Hong Kong regulator outlines new cyber security requirements for online trading firms
The measures proposed include two-factor authentication for clients, as well as stringent password policies, after study shows a steep rise in cyber security incidents.
Cyber security is one of the issues on the agenda of financial market regulators, with the latest example provided by the Hong Kong Securities and Futures Commission (SFC), which has earlier today published a Consultation Paper on enhanced cyber security requirements for Internet trading brokers. The proposed requirements concern securities dealers, futures dealers and/or leveraged foreign exchange traders, and seek to reduce hacking risks associated with Internet trading.
The baseline requirements, which include 20 cyber security control practices, concern three main areas:
- Protection of clients’ Internet trading accounts;
- Infrastructure security management;
- Cyber security management and supervision.

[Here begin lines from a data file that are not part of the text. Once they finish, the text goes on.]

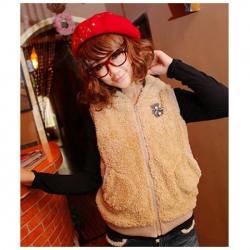 Amanda49 Popular Zipper Diagonal Pockets Inner Grid Style Sleeveless Cotton+Fleeces+Grid Cloths Waistcoat For Women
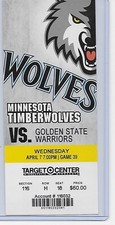 4/7/10 Timberwolves ticket Warriors CURRY rookie DON NELSON NBA wins record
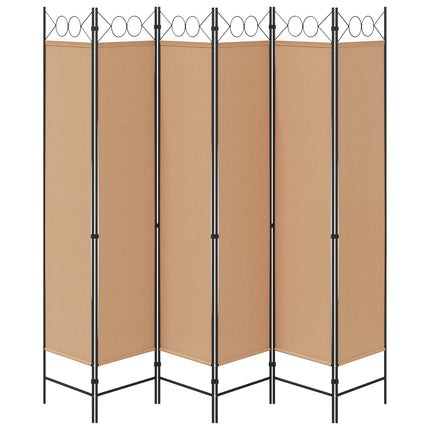 6-panelers rumsavdelare Beige 240 x 200 cm Tyg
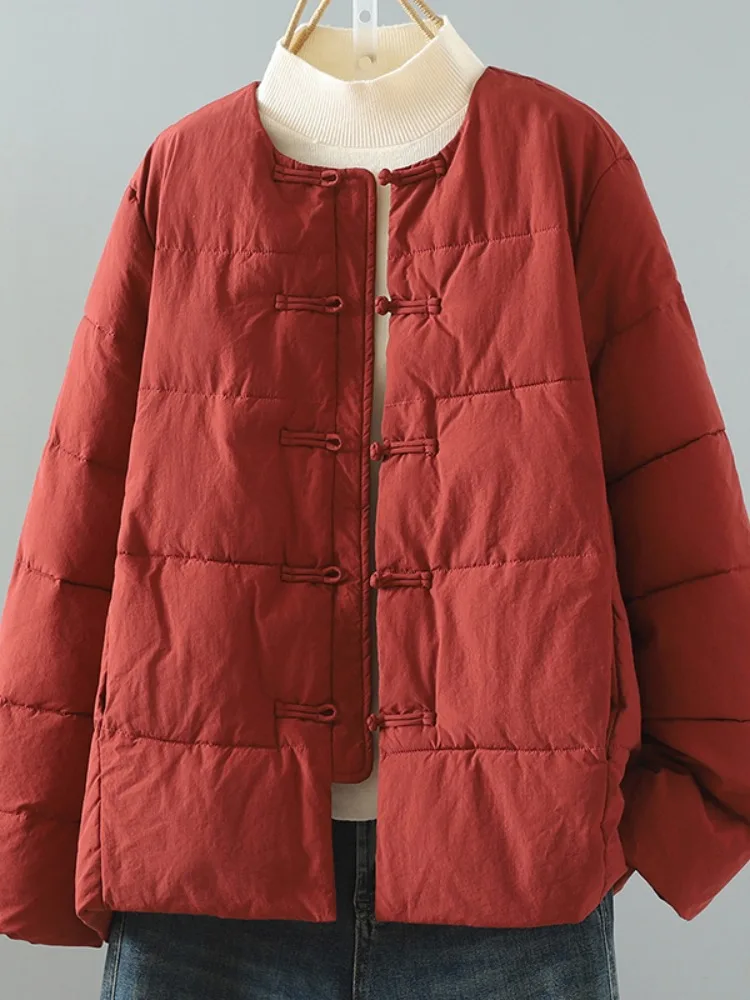 

Элитное красное ретро-пальто с пуговицами и круглым вырезом из хлопка для женщин, зимнее утепленное домашнее хлопковое пальто свободного кроя с длинными рукавами, однотонное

For instance, brokers have to implement stringent password policies and session timeout controls in their internet trading systems. Also, they will have to introduce two-factor authentication for their clients, as well as rigid surveillance mechanisms to prevent unauthorized access to accounts.
Since hacking of Internet trading accounts, corporate websites and trading systems is the most serious cyber security risk faced by licensed corporations in Hong Kong, the SFC conducted a thematic review of the resilience to hacking risks of brokers engaged in Internet trading with the assistance of an external cyber security expert in late 2016. The review helped the regulator identify basic cyber security controls.

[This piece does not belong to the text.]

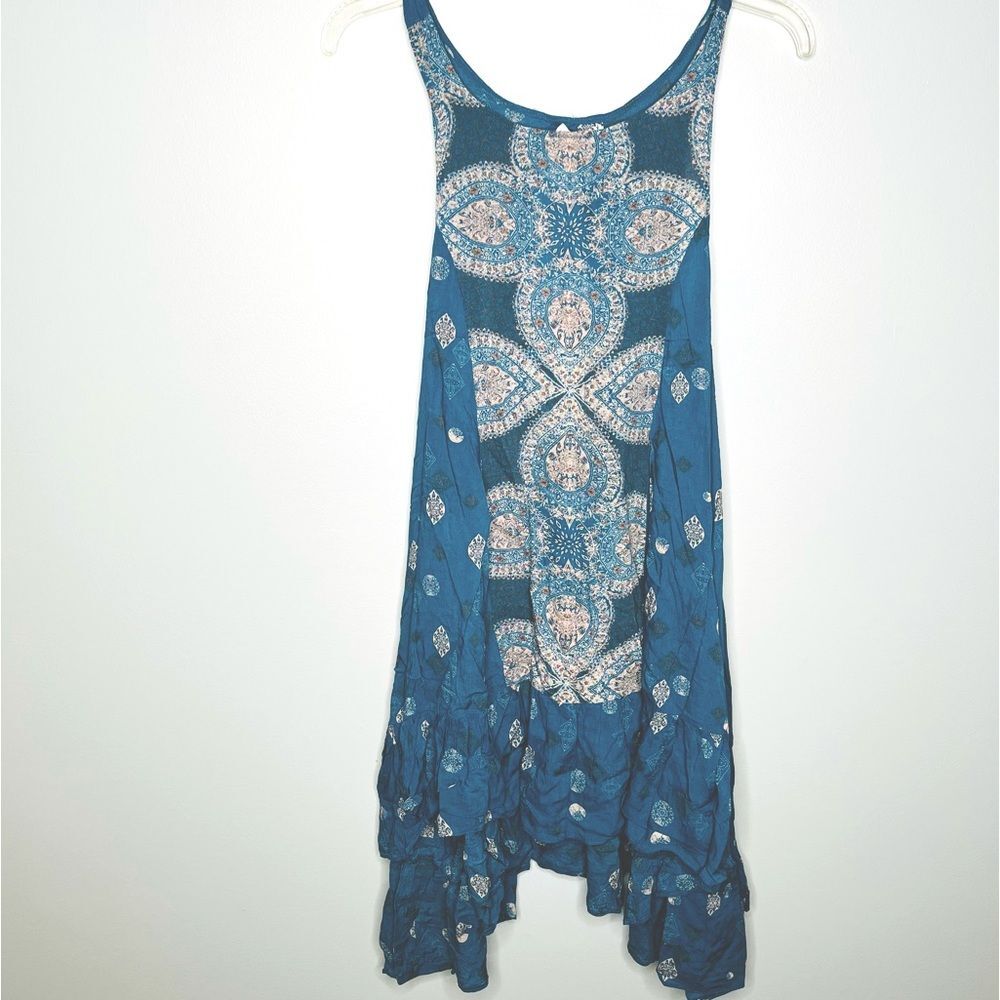 FREE PEOPLE INTIMATELY TUNIC - Blue sleeveless tunic mini dress with ruffle hem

The consultation paper proposes to include these controls into guidelines to be issued under the Securities and Futures Ordinance (SFO).
Comments on the proposals are expected no later than July 7, 2017.
The proposals are released as data shows that the number of cyber security incidents handled by the Hong Kong Computer Emergency Response Team Coordination Centre of the Hong Kong Productivity Council reached 6,058 in 2016, up 23% from 2015. For the 18 months ended March 31, 2017, 12 licensed corporations (LCs) reported 27 cyber security incidents, with the bulk of them involving hackers getting access to customers’ Internet-based trading accounts with securities brokers. This unauthorized access has resulted in unauthorised trades totalling more than $110 million.